As the Minnesota Senate race is moving from the recount phase to the lawsuit phase, hearts are bleeding:

After the counting, Secretary of State Mark Ritchie said he was satisfied that the recount results were as accurate as they could be, given human limitations, the scope of state law and Supreme Court directives.

But he said that the entire pool of 12,000 rejected absentee ballots "break my heart" because a complicated system disenfranchised those voters. And he said he wasn't happy at all with the court order that allowed the counting of only wrongly rejected absentee ballots that both campaigns agreed to accept.

"The two campaigns got to veto the right to vote of over 400 Minnesotans," he said.

No, those 400 people botched their ballots.

With the right to vote comes the duty to follow election procedures. The problem of human limitation applies to both the counter and the voter. 2.9 million citizens were able to sufficiently follow the rules and cast proper ballots. The few handfuls who couldn’t are not being disenfranchised. They had the right to vote, but failed in their exercise of it.

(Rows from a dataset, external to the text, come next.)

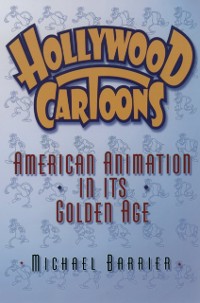 Cover Hollywood Cartoons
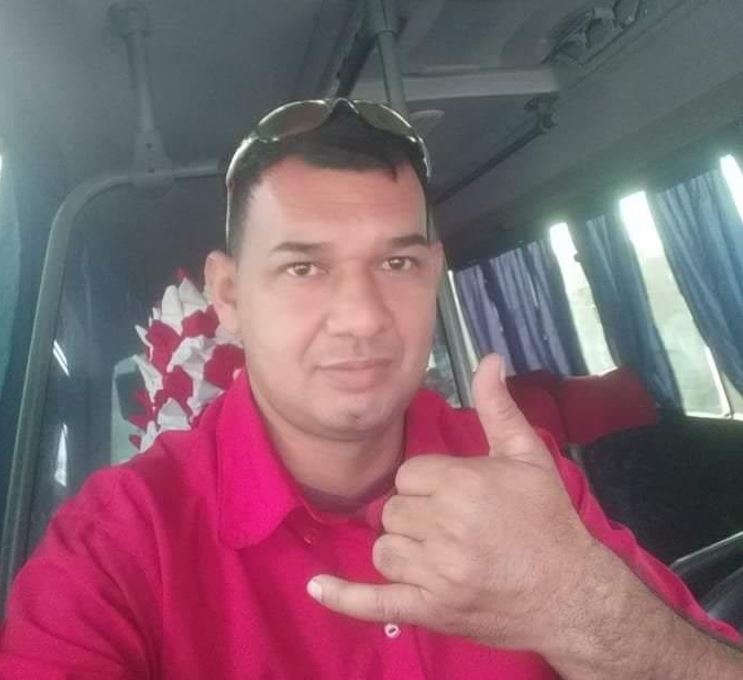 Motociclista atropela e mata homem enquanto fazia 'grau' no Novo Israel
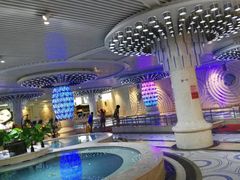 -水晶之星洗浴温泉汗蒸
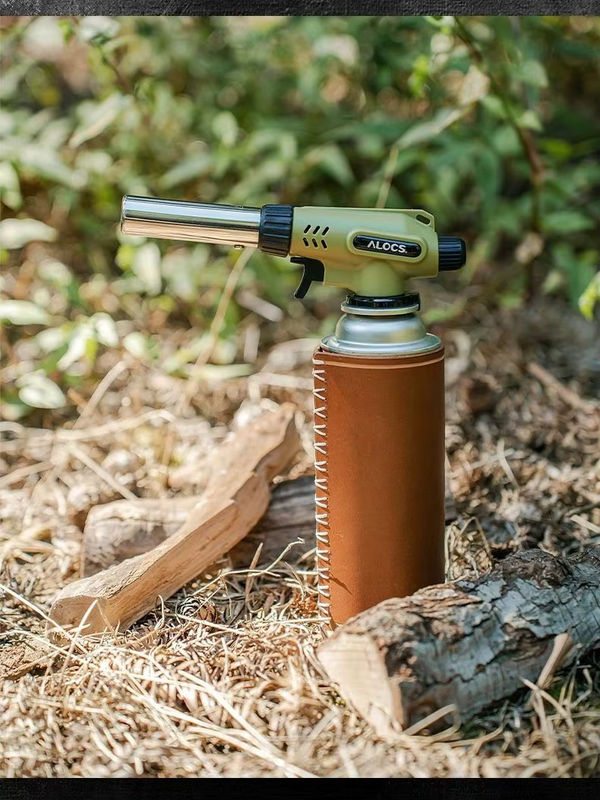 Alocs Gasflaschen-Zünder für Airbrush und Grill - Bild 7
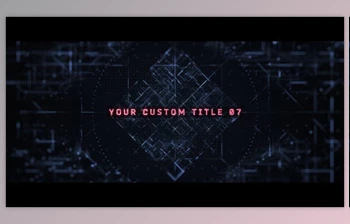 Download Grid <span class='badge badge-warning'>Titles</span> (<span class='badge badge-warning'>Videohive</span> 14220018) - AE Project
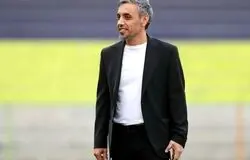 خطیبی سرمربی مس رفسنجان شد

Only inalienable rights come without duty. Each person is conceived with a right to life, for example. The government does not create the right to life, it is imbued by God. The right to vote, to participate in a democratic government, is implicitly one granted by the state. The state, in creating the right, also establishes limits on that right.

The lawsuits, I think, will focus on making sure those limits are applied equally to every voter. The State, under the Constitution, should strive to treat each of us as equals. Granting special allowances for those who didn’t follow the rules cheapens the votes of all those who did follow the rules. Secretary Ritchie has it backward. Awarding privilege to the incompetent disenfranchises the rest of us.